Even if you don't have sleep apnea officially, studies have shown that snorers have a much higher risk for relationship problems, car accidents, and cognitive impairment.
One important thing to note is that you don't have to snore to have sleep apnea. Even young, thin women who don't snore can have significant sleep apnea.
Here's a checklist of the 7 “musts” of snoring cessation. Try these simple strategies before you resort to more invasive and expensive options:
1. Don't eat within 3-4 hours of bedtime.
If you snore, chances are, you'll stop breathing once in a while. When you do stop breathing, you'll create a vacuum effect in your throat which suctions up your normal stomach juices into your throat, causing you to wake up partially or fully. This also causes more swelling and inflammation which narrows your throat and nose even further.
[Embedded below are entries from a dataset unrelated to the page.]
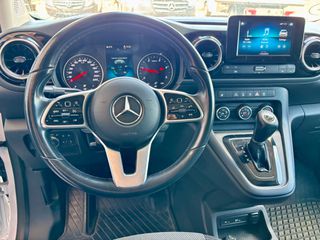 Mercedes-Benz Citan 2022 ΑΥΤΟΜΑΤΟ*3-ΘΕΣΙΟ*ΚΑΜΕΡΑ*FULLEXTRA*-thumb-15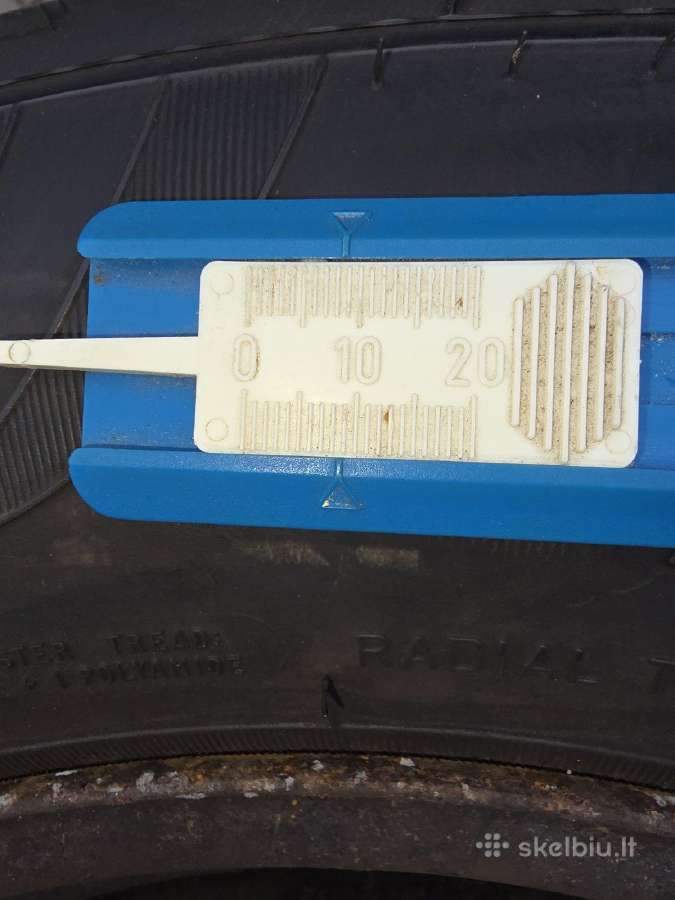 Fulda M&s 215/65r16 98h Kristall Control Hp 2 - nuotraukos Nr. 7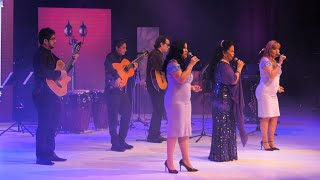Eva Ayllón - Tus Pupilas / Claro De Luna (Live)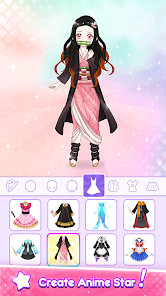 Anime Dress Up - Doll Dress Up截图4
This leads to less efficient sleep, leading to weight gain, which narrows your throat even further.
2. Don't drink alcohol within 3-4 hours of bedtime.
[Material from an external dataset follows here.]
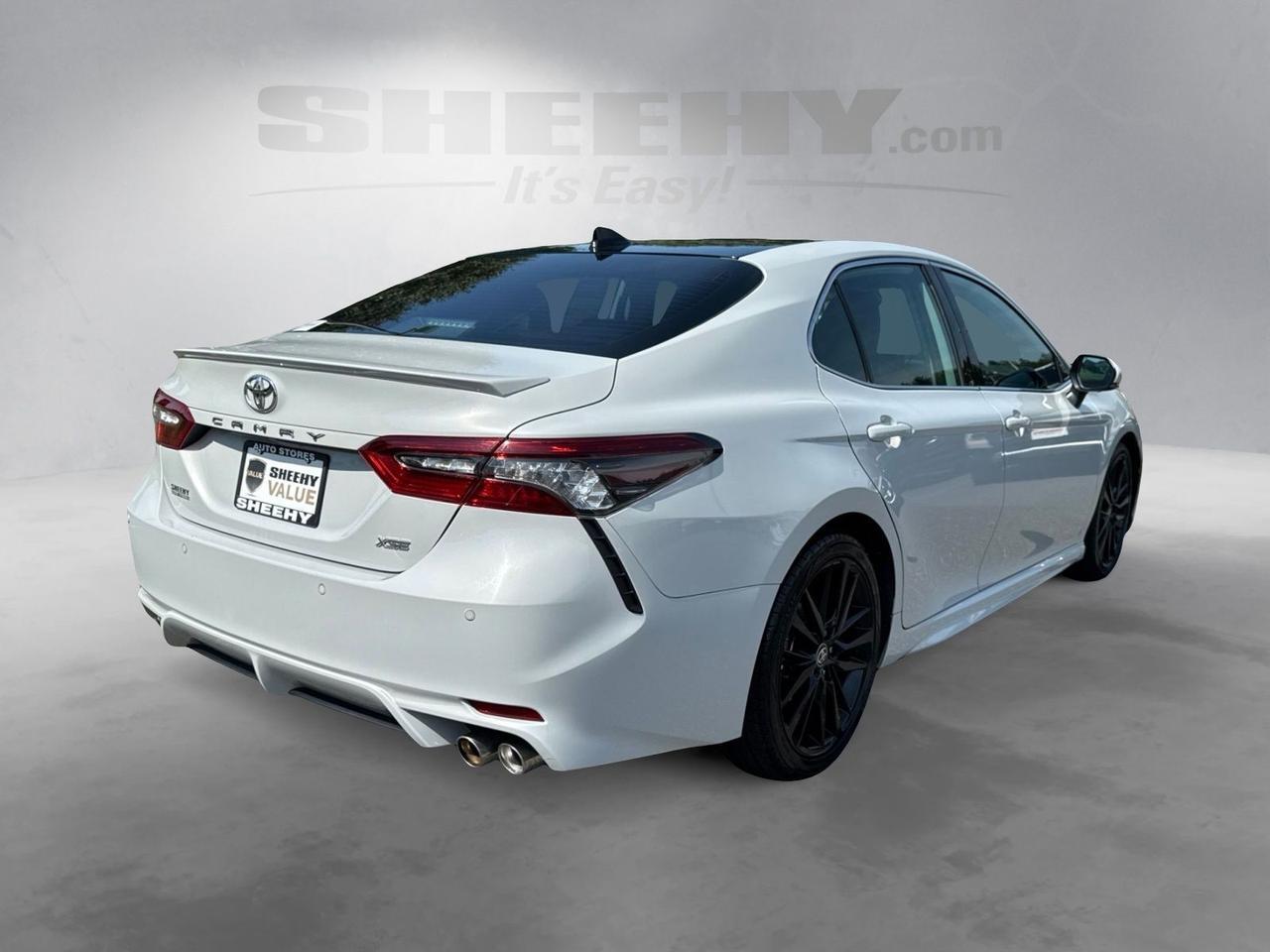 2022 Toyota Camry XSE Warrenton VA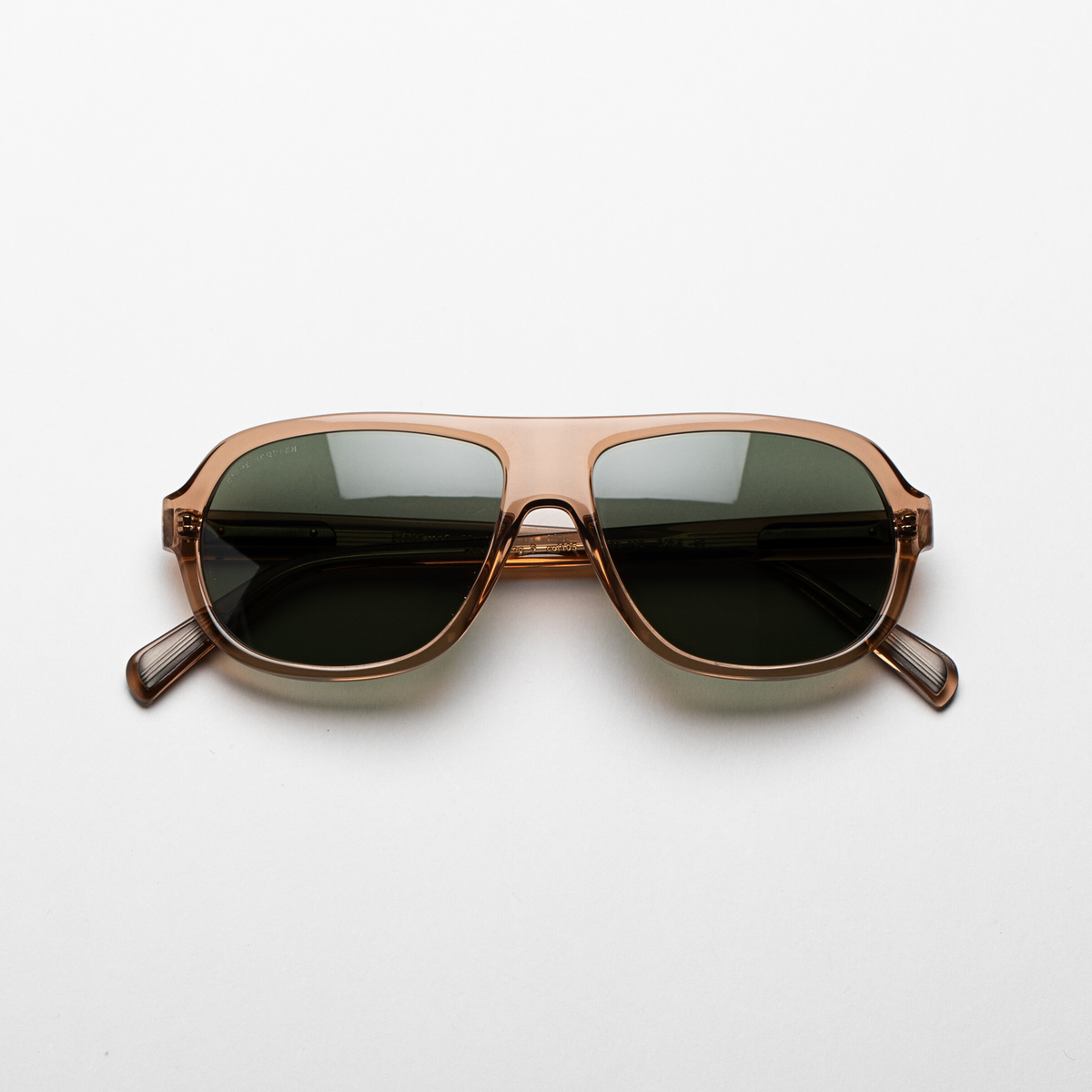 Steve McQueen SOLARRACING SUN 105 — Crystal Caramel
Alcohol is a strong muscle relaxant, so it will make your throat muscles more slack and more apt to collapse and obstruct. And any obstruction around your airway as you sleep means more snoring.
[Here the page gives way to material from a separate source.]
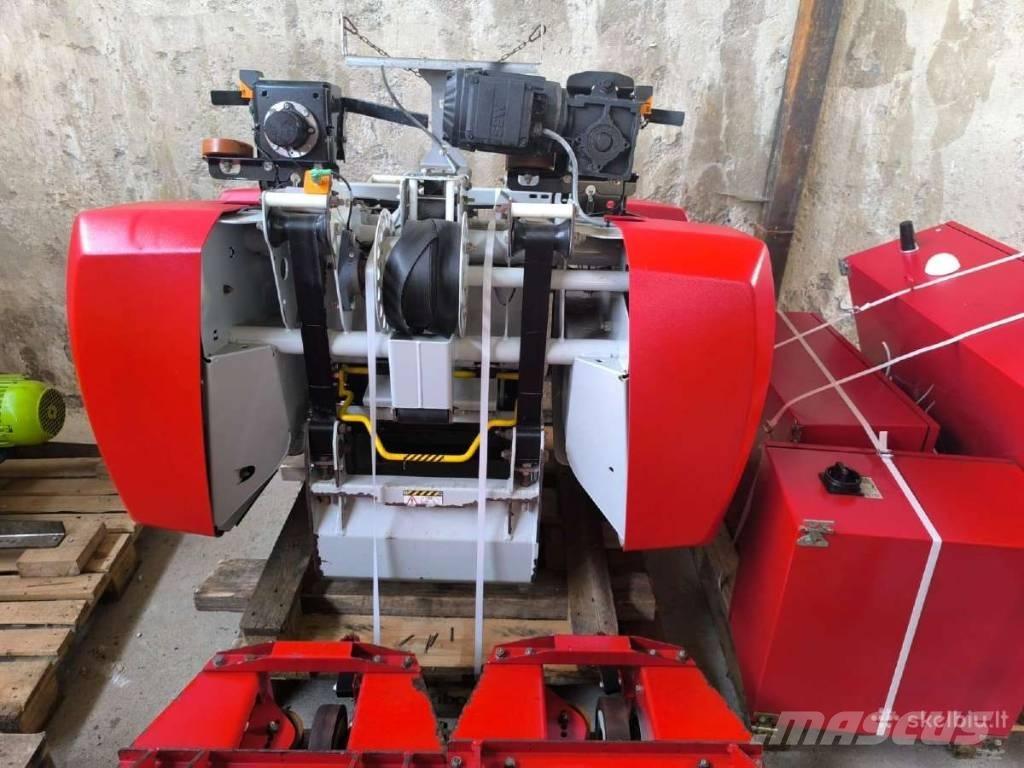 Lely Vector Accesorii pentru mașini de fân și furaje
3. Don't sleep on your back.
Due to gravity, everyone's tongues can fall back when on our backs. This narrows the space behind the tongue and along with muscle relaxation during deep sleep, you'll snore more and stop breathing more often. The traditional recommendation for pinning a tennis ball to the back of your pajama shirt ma work for a few people, but there are a lot more sophisticated ways to keep you off your back.
4. Clear up your nose.
Make sure that you're able to breathe properly through your nose, since having a stuffy nose will create a slight vacuum effect in your throat, aggravating partial to total collapse of the soft palate and the tongue. Whether through over-the-counter remedies, prescription medications, or with surgery, get this taken care of first. Unfortunately, this works only sometimes and in many cases, nothing changes. Regardless, if you need further treatment, you need to be able to breathe through your nose for the other options to work. It's been shown that definitively optimizing nasal breathing through surgery cures obstructive sleep apnea in only 10% of cases.
An interesting study published about 10 years ago showed that when given a nasal decongestant as well as a medicine that helps to empty the stomach faster, about 80% of snoring was significantly improved.
5. Lose weight.
Needless to say, this is easier said than done. One of the reasons why you may be overweight is because you don't sleep well. Less efficient sleep promotes weight gain, which not only cause you to expand on the outside, but also narrow in on the inside of your upper airways. But how about some of you who are not overweight, or even very skinny? Snoring and sleep-breathing problems occur due to a structural narrowing of the entire upper airway, from the tip of your nose to your voice box.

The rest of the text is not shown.